* _Data provided_
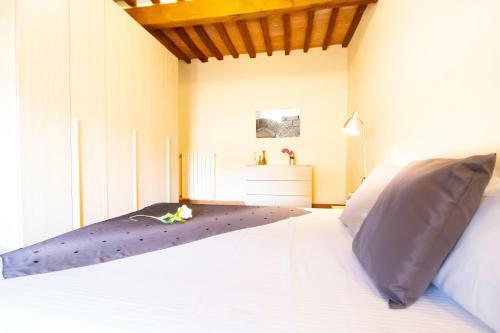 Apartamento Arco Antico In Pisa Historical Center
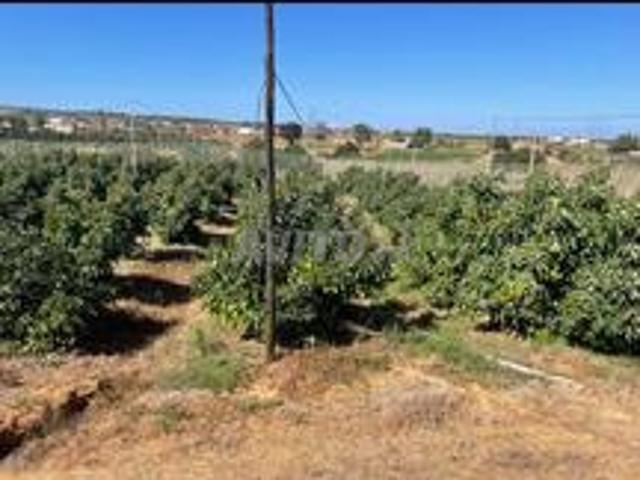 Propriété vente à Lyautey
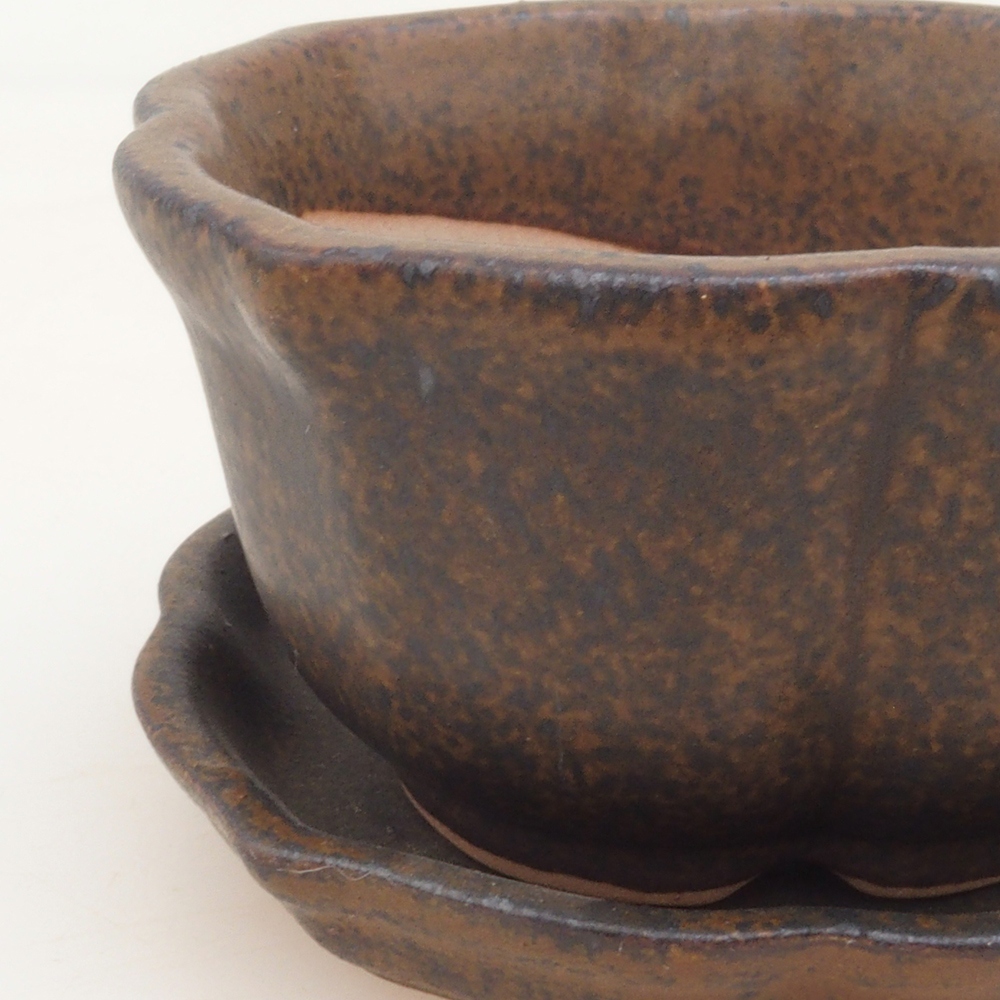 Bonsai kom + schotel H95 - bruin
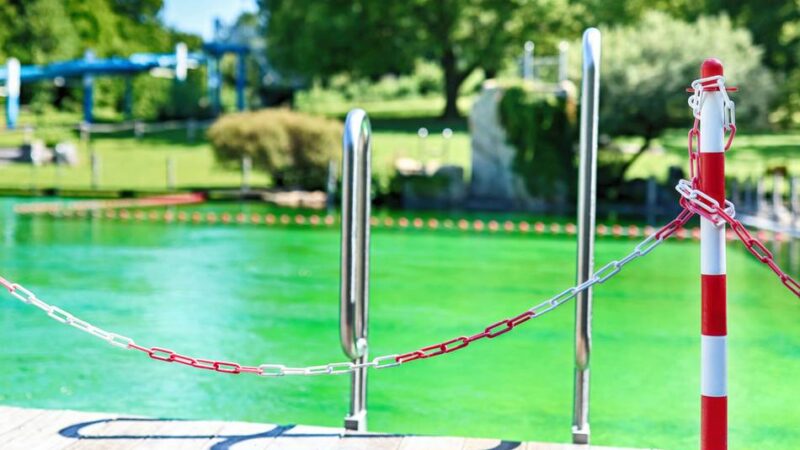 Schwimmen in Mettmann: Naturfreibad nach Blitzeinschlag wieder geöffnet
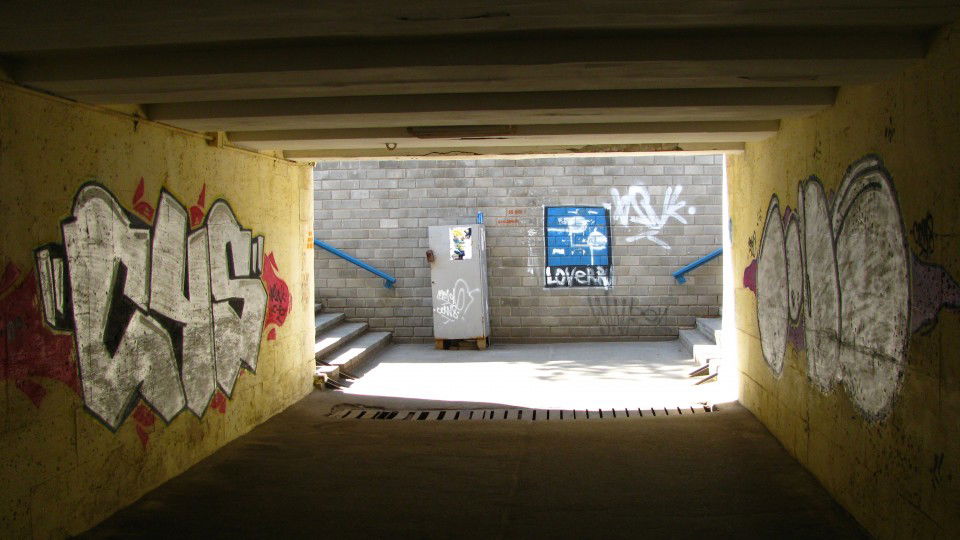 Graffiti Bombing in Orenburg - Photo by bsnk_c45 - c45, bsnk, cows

* _What to work on_
Reproduce the data word for word, excluding its pictures.

* _Reply to the task_
 Apartamento Arco Antico In Pisa Historical Center
 Propriété vente à Lyautey
 Bonsai kom + schotel H95 - bruin
 Schwimmen in Mettmann: Naturfreibad nach Blitzeinschlag wieder geöffnet
 Graffiti Bombing in Orenburg - Photo by bsnk_c45 - c45, bsnk, cows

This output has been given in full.